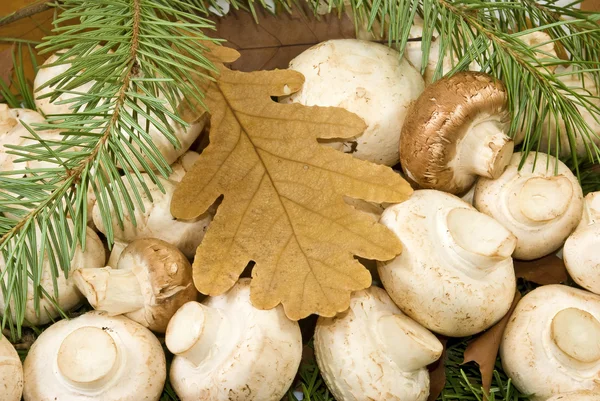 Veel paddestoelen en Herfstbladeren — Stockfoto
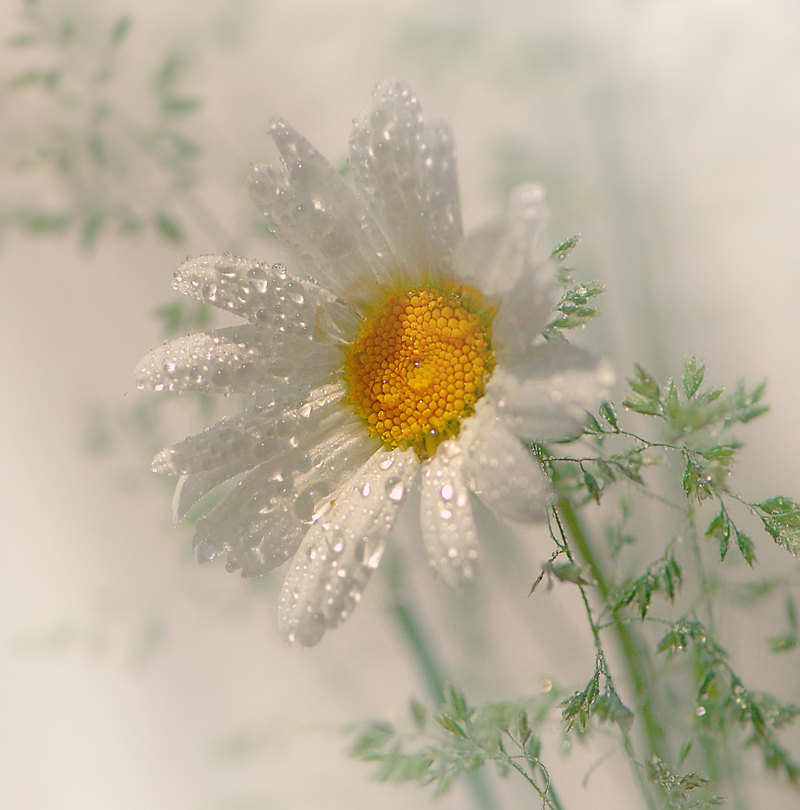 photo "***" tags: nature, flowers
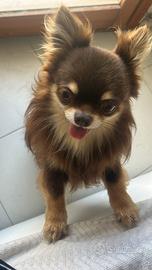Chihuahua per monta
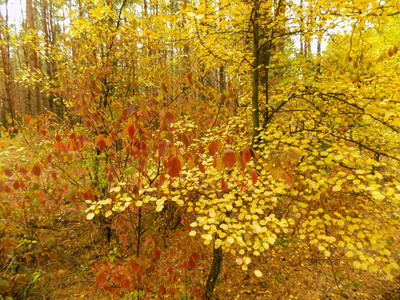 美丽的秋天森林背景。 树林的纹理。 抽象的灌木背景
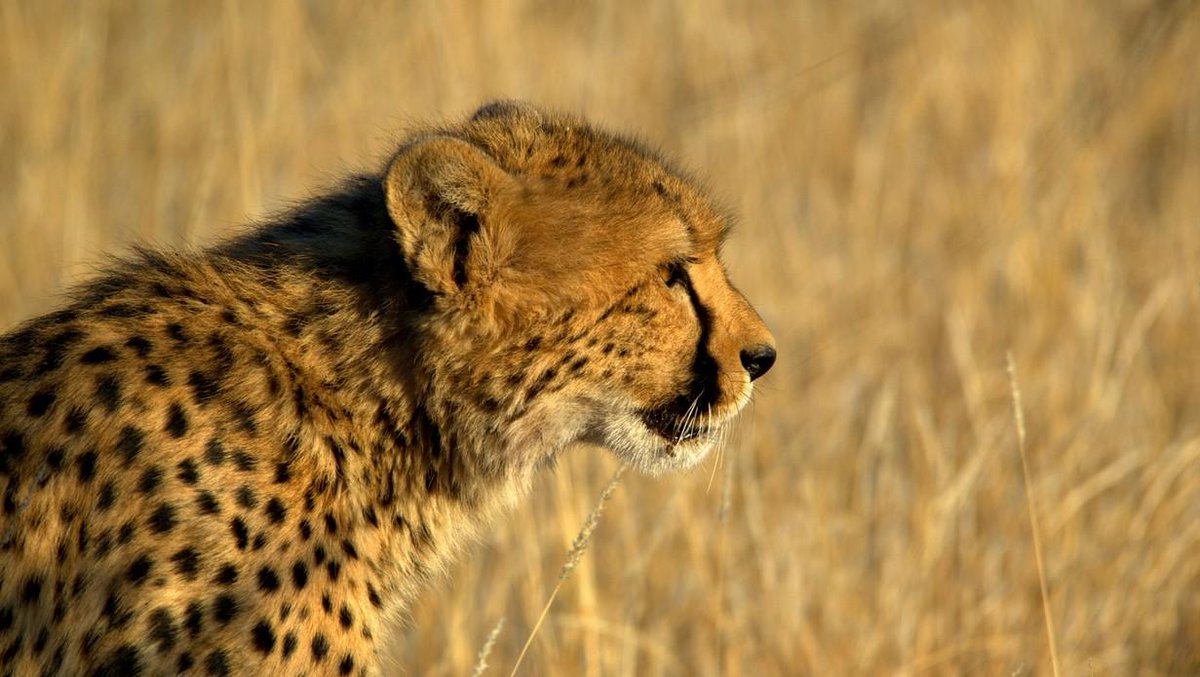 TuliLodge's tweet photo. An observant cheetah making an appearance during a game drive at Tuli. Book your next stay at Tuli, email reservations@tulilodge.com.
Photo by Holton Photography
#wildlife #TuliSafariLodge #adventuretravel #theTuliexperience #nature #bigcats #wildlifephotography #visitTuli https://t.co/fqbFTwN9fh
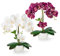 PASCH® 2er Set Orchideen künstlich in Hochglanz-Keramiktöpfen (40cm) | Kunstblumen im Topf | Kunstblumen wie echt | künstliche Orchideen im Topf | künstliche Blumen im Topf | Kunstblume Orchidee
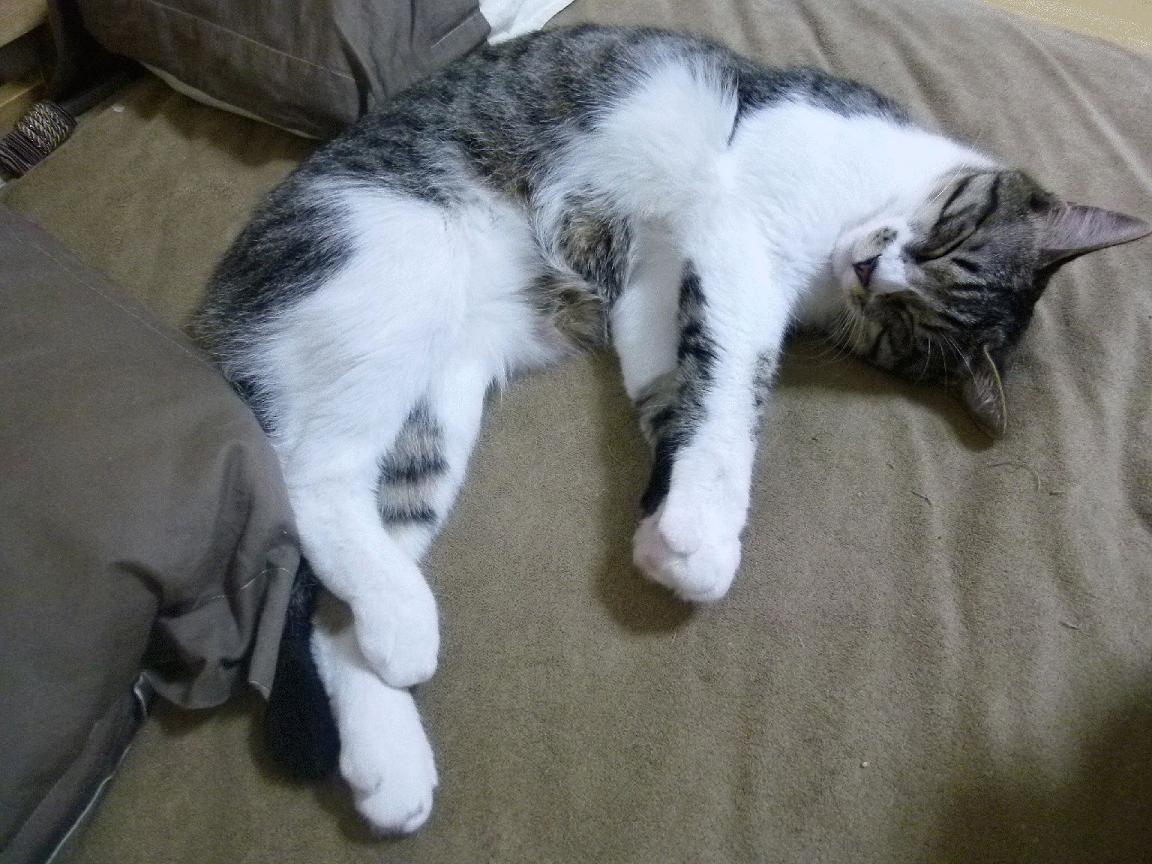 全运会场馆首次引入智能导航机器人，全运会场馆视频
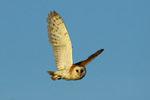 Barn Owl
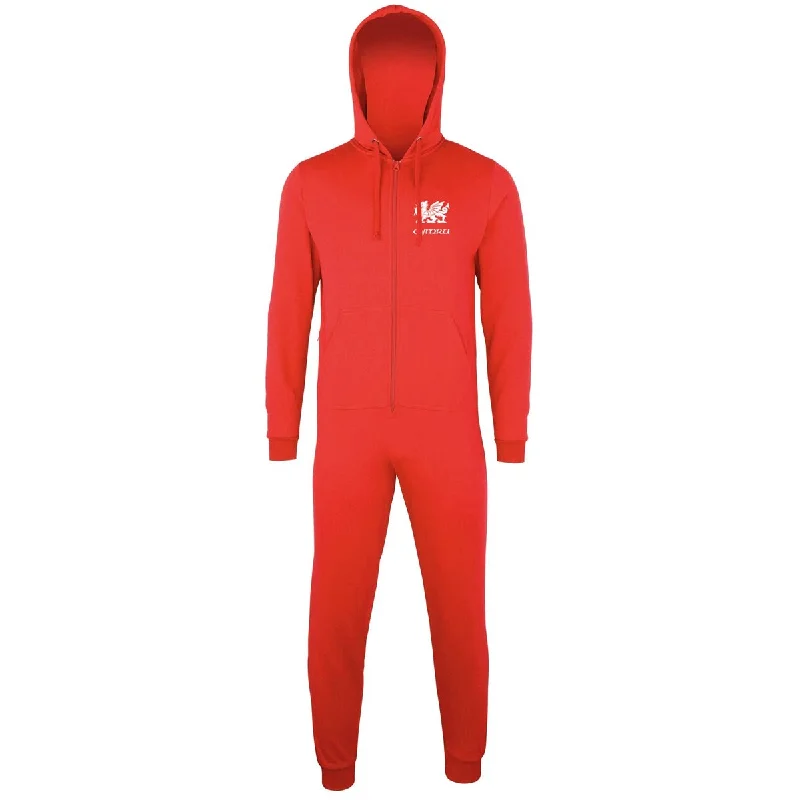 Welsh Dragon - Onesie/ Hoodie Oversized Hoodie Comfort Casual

^^^^^^^^^^^^^^^^

Task statement - Beginning with the line that contains "美丽的秋天森林背景。 树林的纹理。 抽象的灌木背景" and ending with the last line of the data, restate each line word for word. Exclude the pictures.

Result for this task -
 美丽的秋天森林背景。 树林的纹理。 抽象的灌木背景
 TuliLodge's tweet photo. An observant cheetah making an appearance during a game drive at Tuli. Book your next stay at Tuli, email reservations@tulilodge.com.
Photo by Holton Photography
#wildlife #TuliSafariLodge #adventuretravel #theTuliexperience #nature #bigcats #wildlifephotography #visitTuli https://t.co/fqbFTwN9fh
 PASCH® 2er Set Orchideen künstlich in Hochglanz-Keramiktöpfen (40cm) | Kunstblumen im Topf | Kunstblumen wie echt | künstliche Orchideen im Topf | künstliche Blumen im Topf | Kunstblume Orchidee
 全运会场馆首次引入智能导航机器人，全运会场馆视频
 Barn Owl
 Welsh Dragon - Onesie/ Hoodie Oversized Hoodie Comfort Casual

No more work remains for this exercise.